What the exercise asks
Repeat all of the records word for word, but skip any picture.
Data excerpts below:
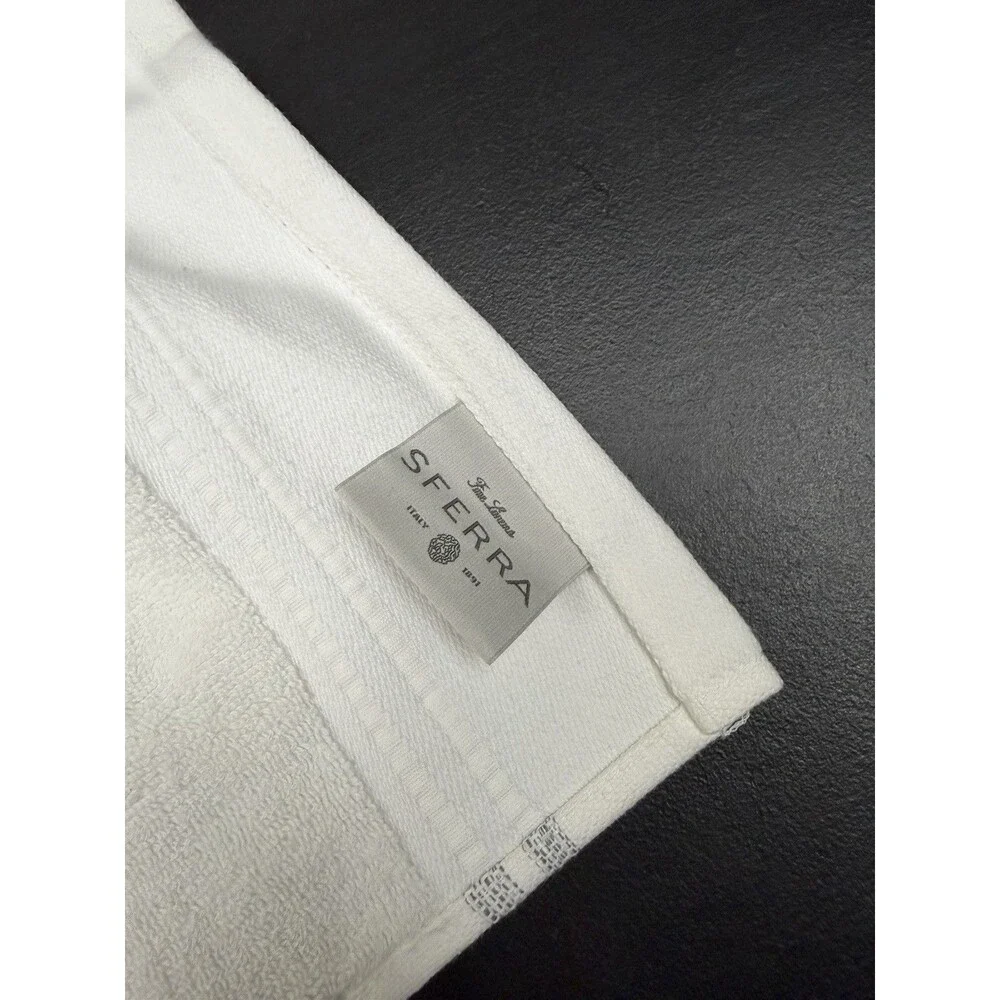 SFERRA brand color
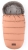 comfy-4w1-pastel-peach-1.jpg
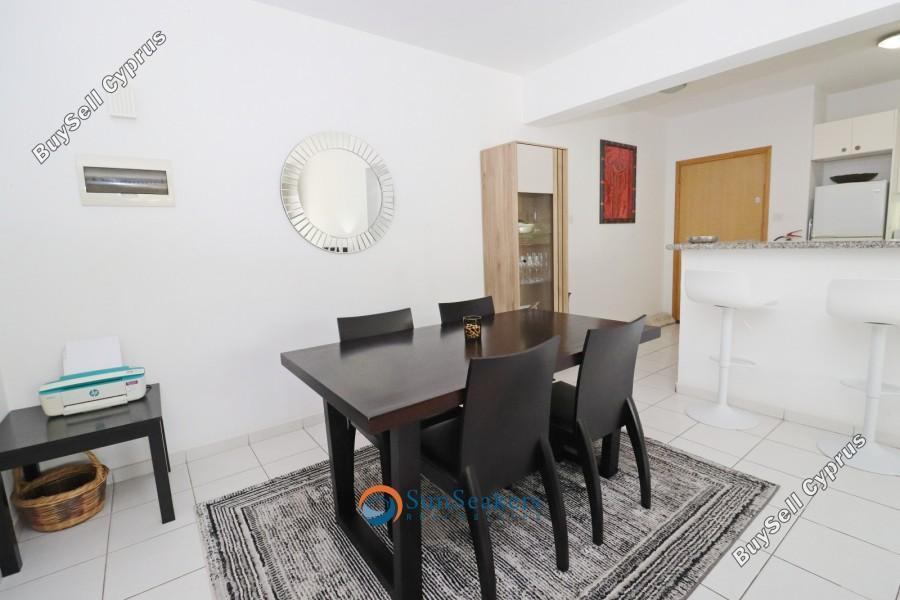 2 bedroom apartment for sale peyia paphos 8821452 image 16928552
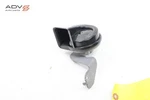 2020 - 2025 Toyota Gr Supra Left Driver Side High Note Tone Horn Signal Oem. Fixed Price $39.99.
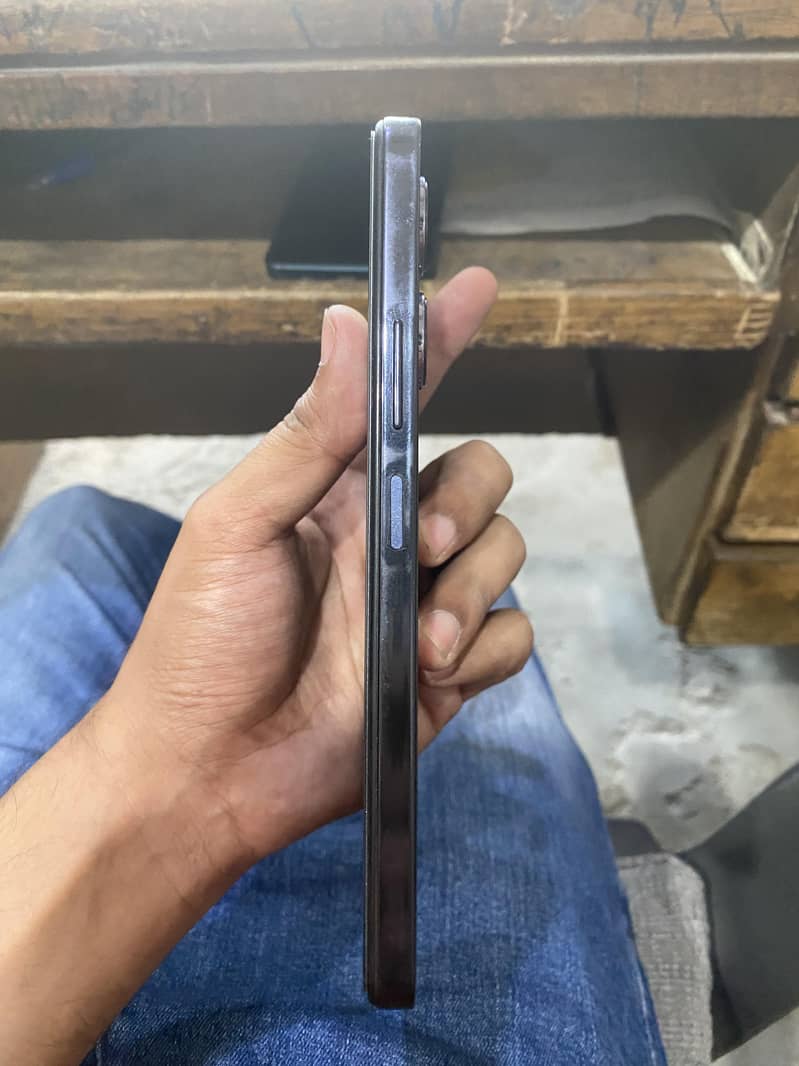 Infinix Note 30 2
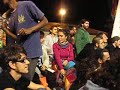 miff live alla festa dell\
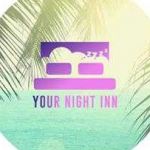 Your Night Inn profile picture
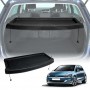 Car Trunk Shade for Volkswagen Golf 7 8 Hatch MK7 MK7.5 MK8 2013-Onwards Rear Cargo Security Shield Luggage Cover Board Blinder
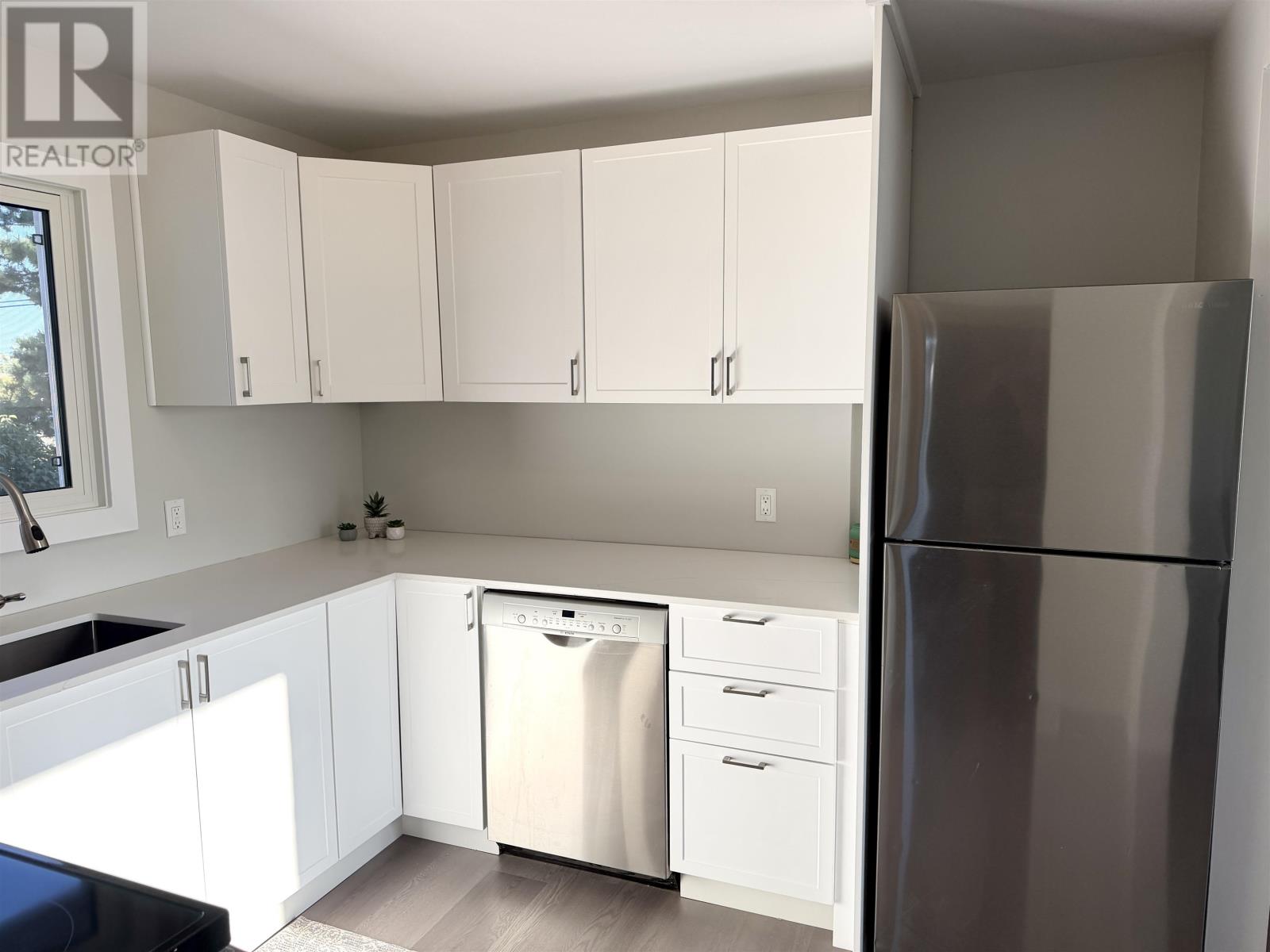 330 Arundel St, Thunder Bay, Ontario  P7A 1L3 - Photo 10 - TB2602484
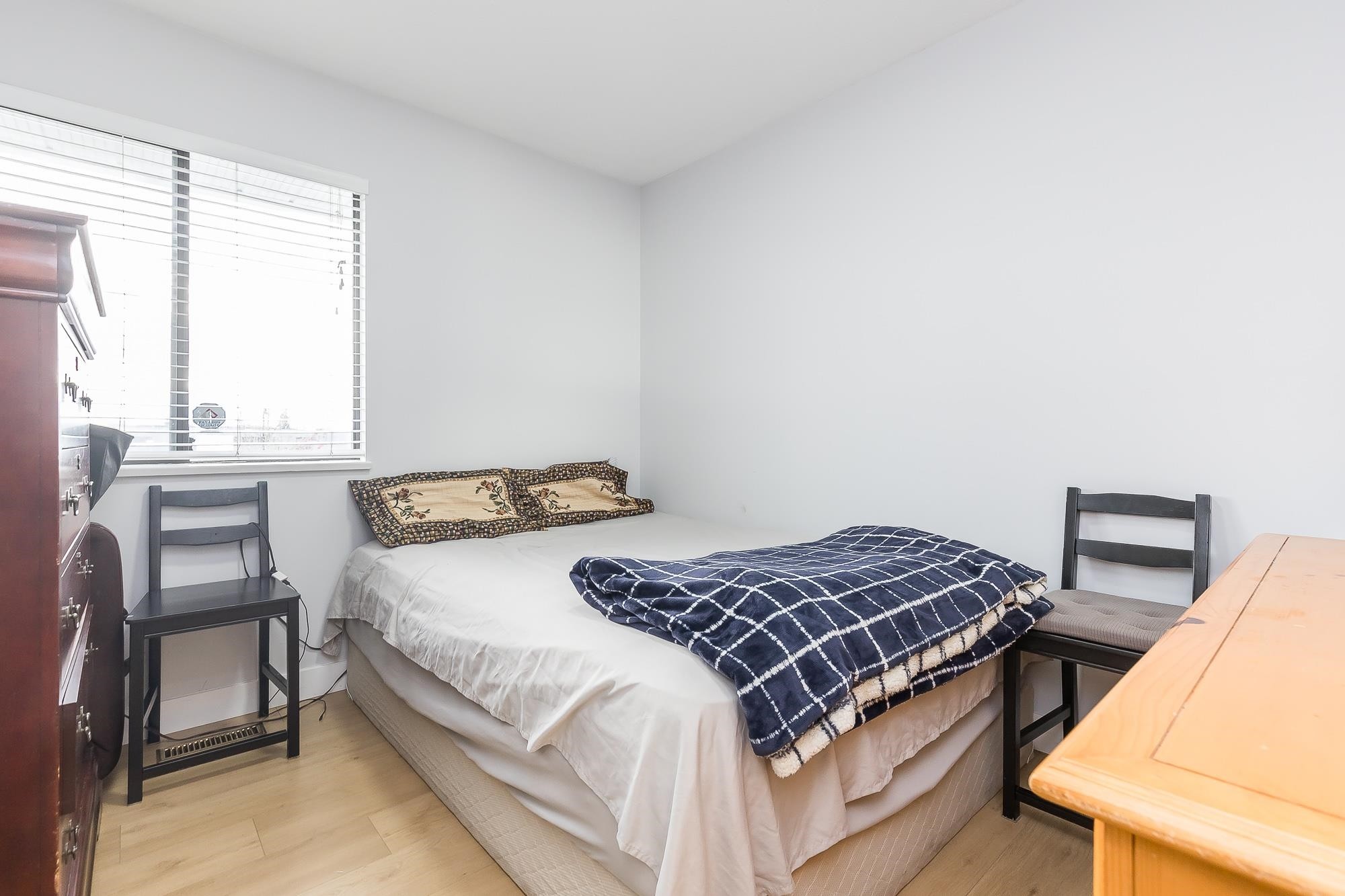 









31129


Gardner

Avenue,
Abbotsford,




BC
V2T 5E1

End of Data excerpts.
Solution for this exercise
 SFERRA brand color
 comfy-4w1-pastel-peach-1.jpg
 2 bedroom apartment for sale peyia paphos 8821452 image 16928552
 2020 - 2025 Toyota Gr Supra Left Driver Side High Note Tone Horn Signal Oem. Fixed Price $39.99.
 Infinix Note 30 2
 miff live alla festa dell\
 Your Night Inn profile picture
 Car Trunk Shade for Volkswagen Golf 7 8 Hatch MK7 MK7.5 MK8 2013-Onwards Rear Cargo Security Shield Luggage Cover Board Blinder
 330 Arundel St, Thunder Bay, Ontario  P7A 1L3 - Photo 10 - TB2602484









31129


Gardner

Avenue,
Abbotsford,




BC
V2T 5E1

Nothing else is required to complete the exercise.